Two-Point Conversions

From time to time, I like to take the opportunity to challenge my own perceptions about football. One strategy that’s often debated is whether teams should attempt a two-point conversion after a touchdown.

Decades ago, legendary coach Dick Vermeil, then a coordinator at UCLA, created a chart that’s still in popular use today. It’s not a chart I used when developing Front Office Football, but it’s not that different. Some of it is obvious; for instance if you trail by two after scoring a touchdown, you should try and tie the game. But even then, when in the game should you start consulting the chart?

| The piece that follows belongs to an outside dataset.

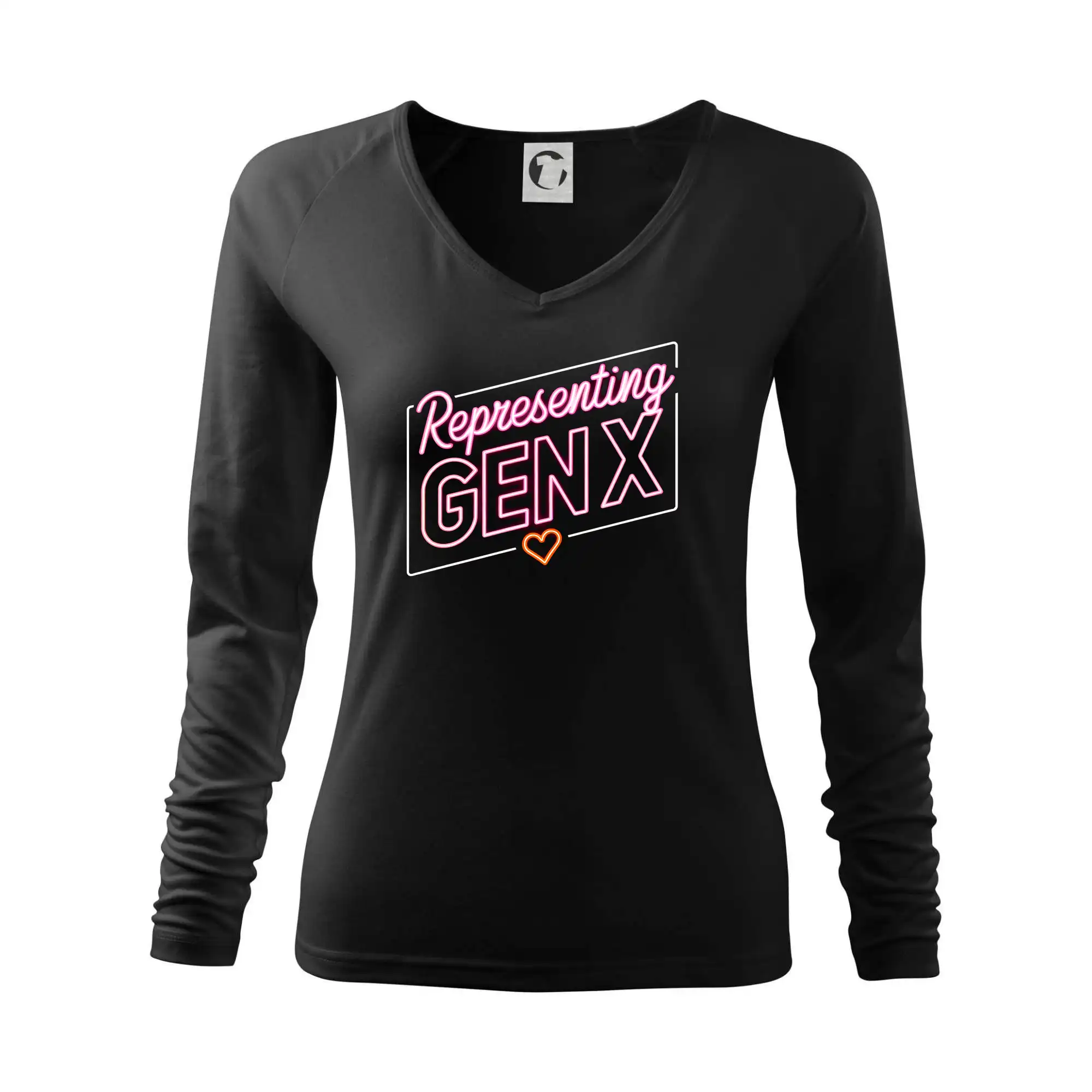 Tričká s motívmi ktoré frčia na internete - Generace X (Gen X) - Representing GEN X neon - Tričko dámske Elegance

Some of it is complex, or even controversial. You’re supposed to go for two when you lead by four after scoring. The idea is that if you make it, a subsequent field goal will give you a two-score lead. But if you miss, a subsequent field goal will leave your opponent the opportunity to tie on a touchdown without going for two.

Since the two-point conversion rate in the NFL is about 45% and the extra-point rate with the new distance rule is about 97%, I’d hesitate to start using any chart until well after halftime. Just take the point.

A few months ago, when working on a percentage win calculator that I’ve yet to put into any product, I analyzed a few seasons’ worth of play-by-play data and compiled a chart that could be useful for making these decisions. As an aside, I do this kind of thing a lot. Most of what I discover on these odysseys never amounts to meaningful work within my products. This might well fall into that category. But it could also be useful in compiling a more fine-tuned chart – one that even incorporates time remaining.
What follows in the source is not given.